Previous studies have reported that high doses of caffeine can lead to tachycardia, heart palpitations, and a swift increase in blood pressure in adults, likely due to its effect on and activation of the sympathetic system. In the research by Ulanovsky et al., 21 premature infants were analyzed. These infants received caffeine citrate with a loading dose of 15 - 20 mg/kg and a maintenance dose of 5 - 10 mg/kg, and the study examined caffeine's effects on their cardiac system. no changes in heart rate, blood pressure, or autonomic nervous system tone were observed following caffeine administration. The discrepancies between the findings of this study and our current research might stem from the small sample size used by Ulanovsky et al. and the fact that infants received varying doses of caffeine without an examination of its effects, focusing solely on individual pre- and post-caffeine administration comparisons (25).

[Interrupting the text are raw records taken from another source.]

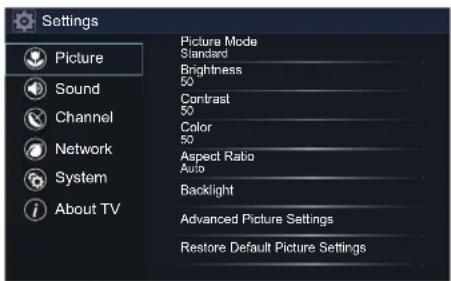 HISENSE 32H5507-0 - Picture Menu - 1
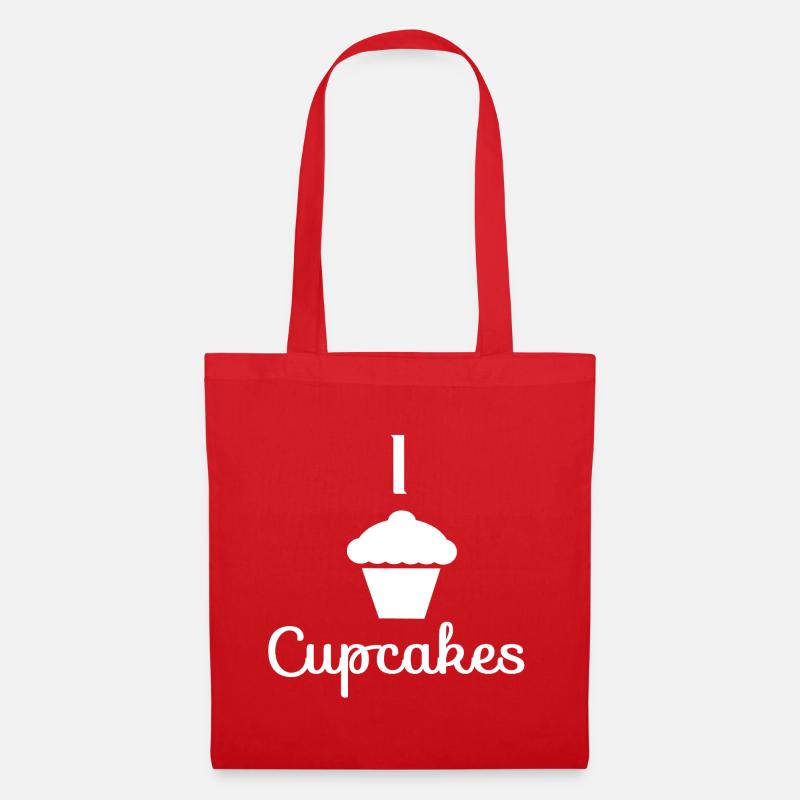 J’adore les cupcakes - Sac en tissu - rouge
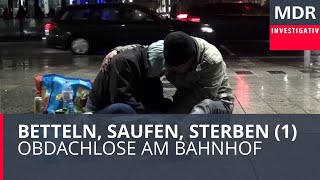 Betteln Saufen Sterben 1  Obdachlose am Bahnhof  Doku [upl. by O'Neill881]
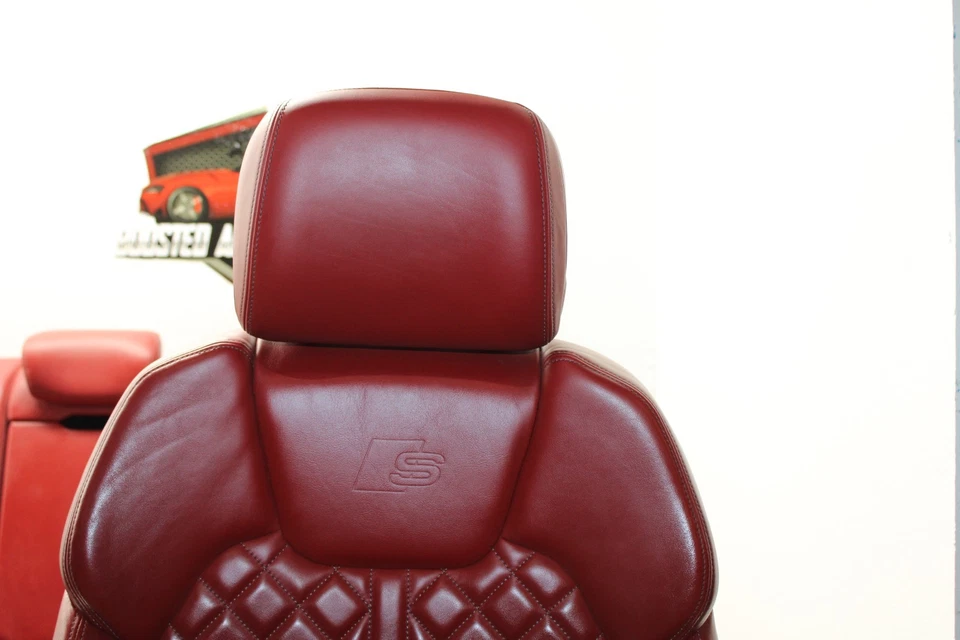 Juego completo de asientos delanteros/traseros OEM NG129 2018-2024 AUDI SQ5 rojo Foto 2 de 4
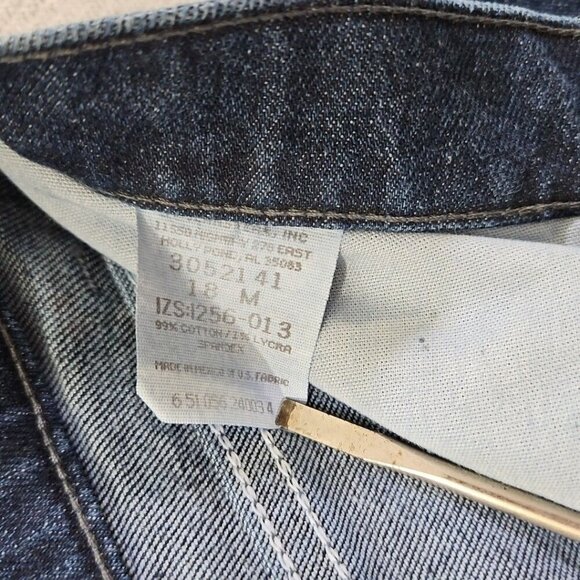 Riders by Lee Women's Denim Jeans Straight Leg Stretch Pockets Black Size 18 M - Picture 12 of 15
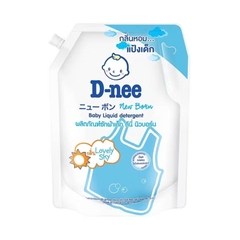 ( Thái Lan) Nước giặt D-nee nội địa màu xanh dương hương Lovely Sky túi 1300ml
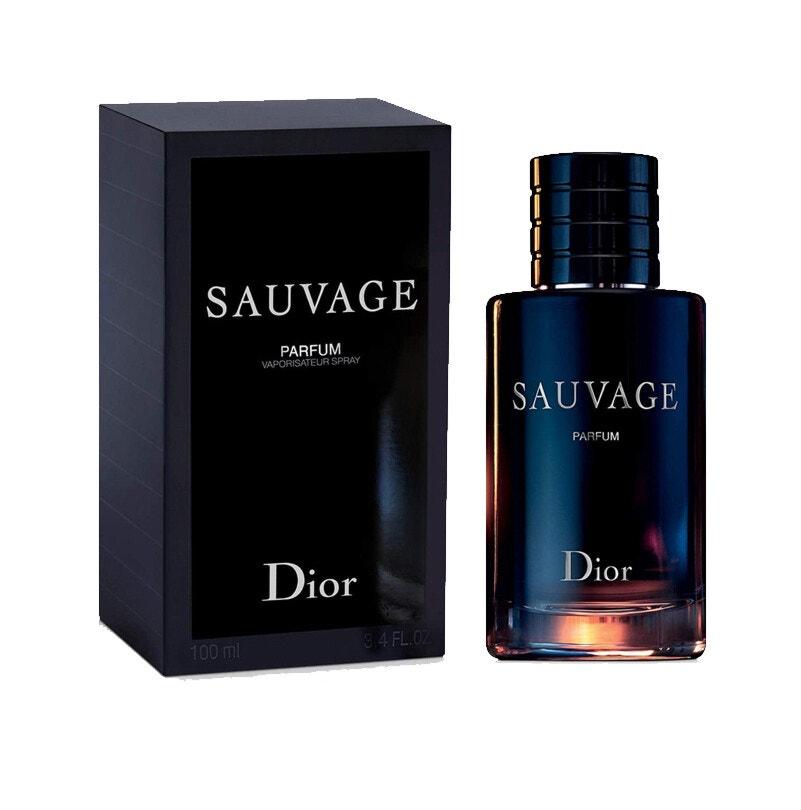 Dior Sauvage Parfum Spray for Men, 3.3 oz (100ml)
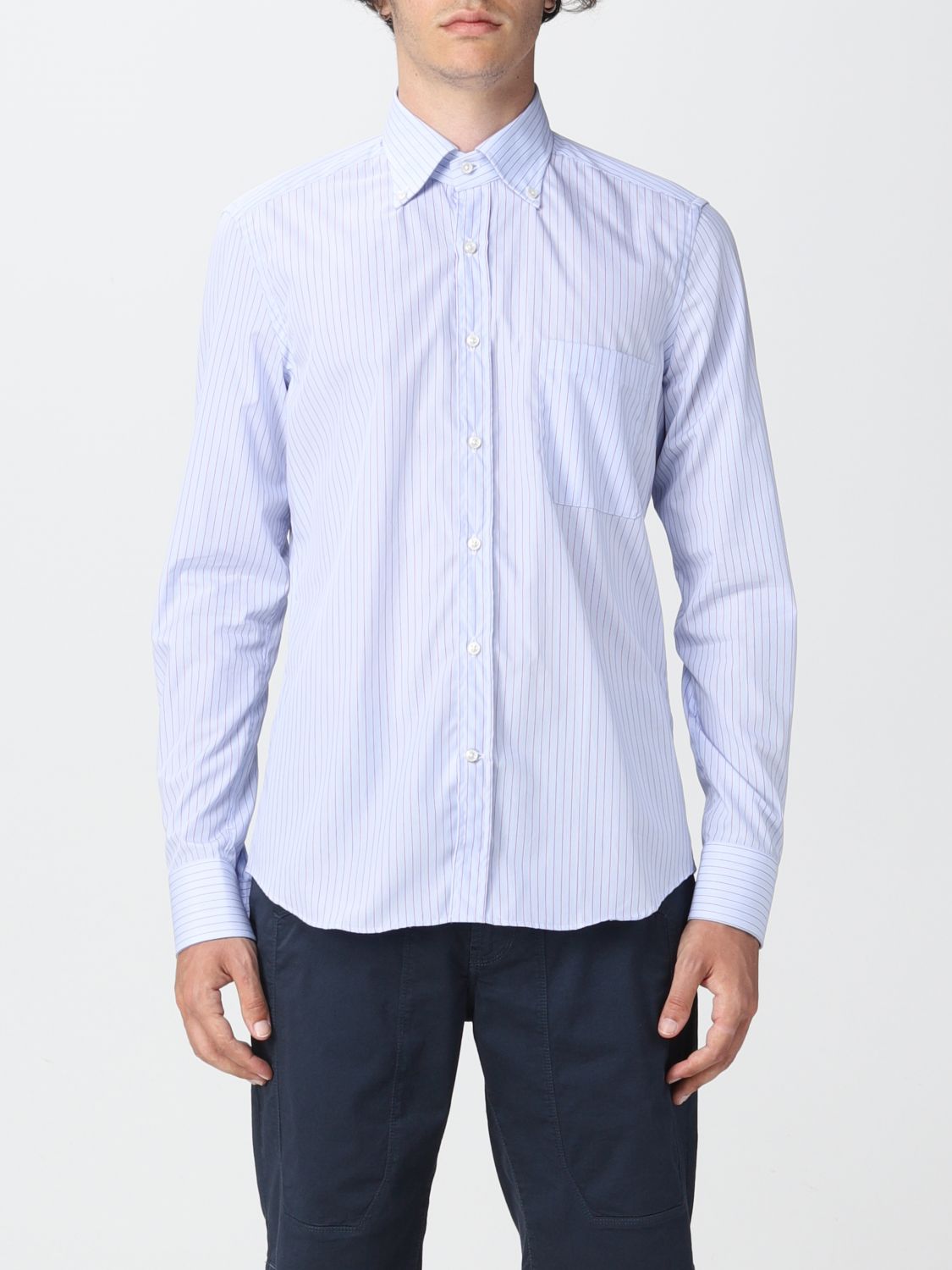 XC: shirt for man - Gnawed Blue | Xc shirt BUTTON DOWN A153TP online on ...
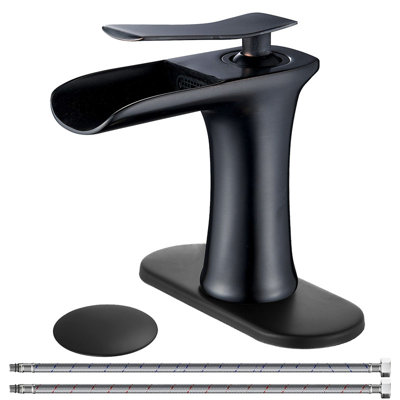 Single-handle Bathroom Faucet with Drain Assembly
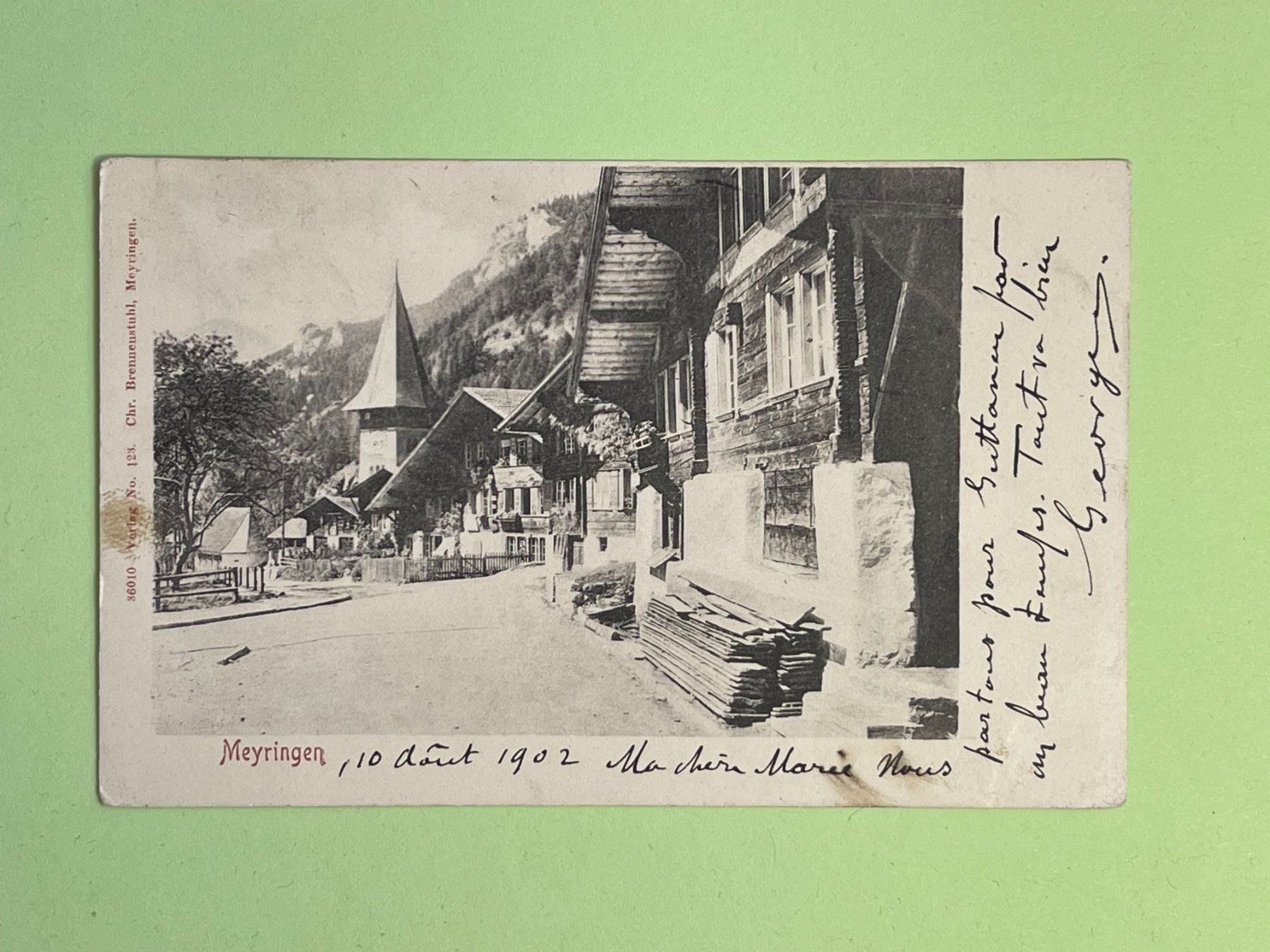 Cartes postales: Meiringen - 1902 – D'occasion à Steg VS par danwer74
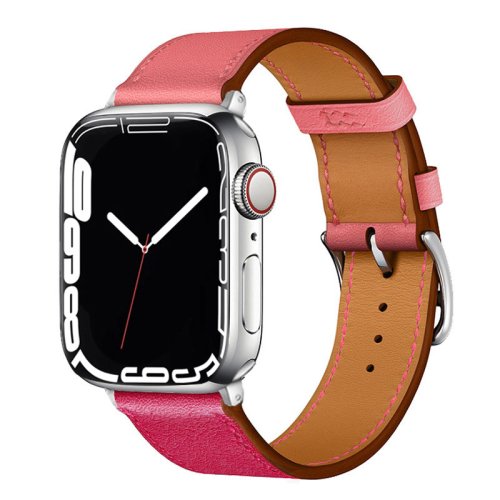 Imagen de Correas de cuero para reloj Apple, 46mm, 44mm, 49mm, 45mm, 42mm, 40mm, 38/41mm, pulsera iWatch series 10-Ultra 9-8-7-6-5-4-3-SE
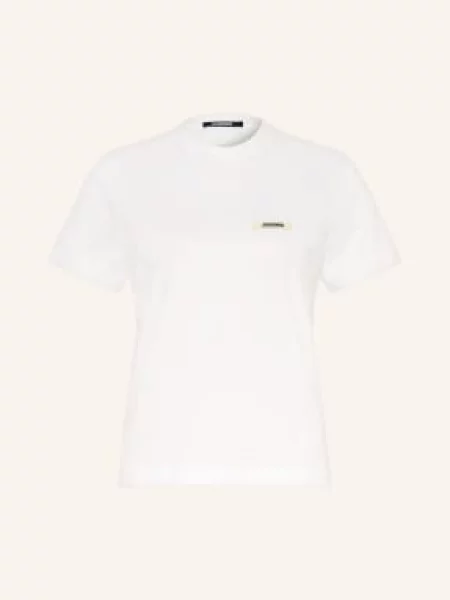 Jacquemus Tričko Le T-Shirt Gros Grain bílá
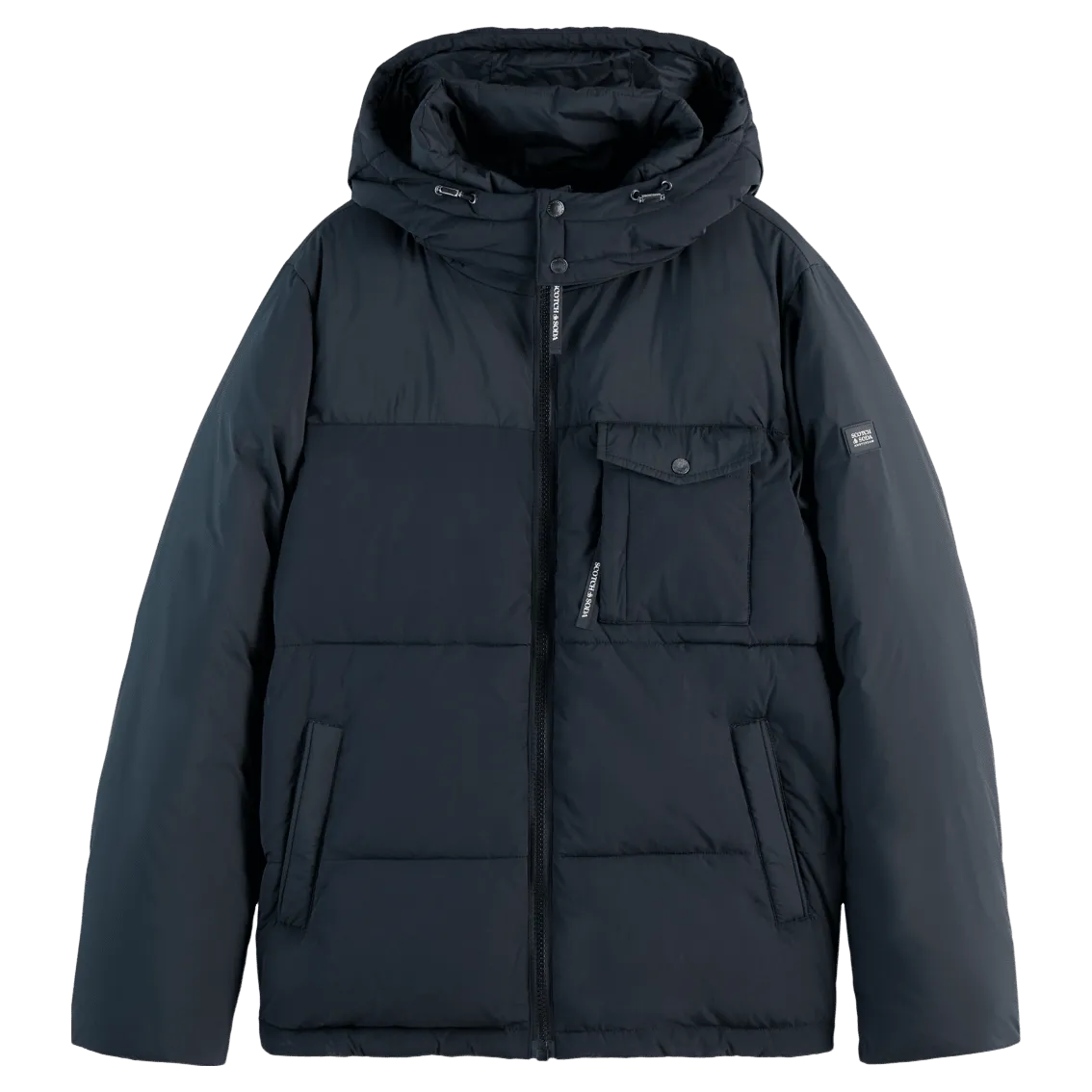 Scotch & Soda Hooded Puffer Coat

A total of 13 clinical studies involving 1515 patients were reviewed. In the high-dose group, a higher success rate for tracheal tube removal and a lower rate of BPD were observed. However, the incidence of tachycardia was elevated in this group, with no significant differences in other side effects, including patient mortality (20). The findings of the current study also indicated an increased occurrence of tachycardia in the group receiving a maintenance dose of 10 mg/kg. The effects of varying caffeine doses and the duration of its use on lung function have shown mixed results, with some benefits and harms only studied in animal research. These studies have yet to clarify the primary mechanism by which caffeine affects lung function. Nonetheless, its action on adenosine receptors at low doses and phosphodiesterase inhibition at higher doses, coupled with the duration of administration and the distinct pharmacodynamics of caffeine in infants, could contribute to understanding its clinical lung effects.
5.1. Conclusions
The findings suggest that tachycardia was more common in the group administered a maintenance dose of 10 mg/kg. However, no significant difference in the effectiveness of the two doses was observed. Thus, the results recommend considering a lower dose of 5 mg/kg of caffeine as a potentially more suitable treatment option. This insight is crucial for healthcare professionals when determining caffeine dosage for patients at risk of tachycardia. Due to time and financial constraints, the long-term side effects of caffeine citrate, including its impact on neurological, behavioral, and developmental outcomes, were not explored. It is recommended that future research include a prospective study to investigate the long-term effects of caffeine citrate.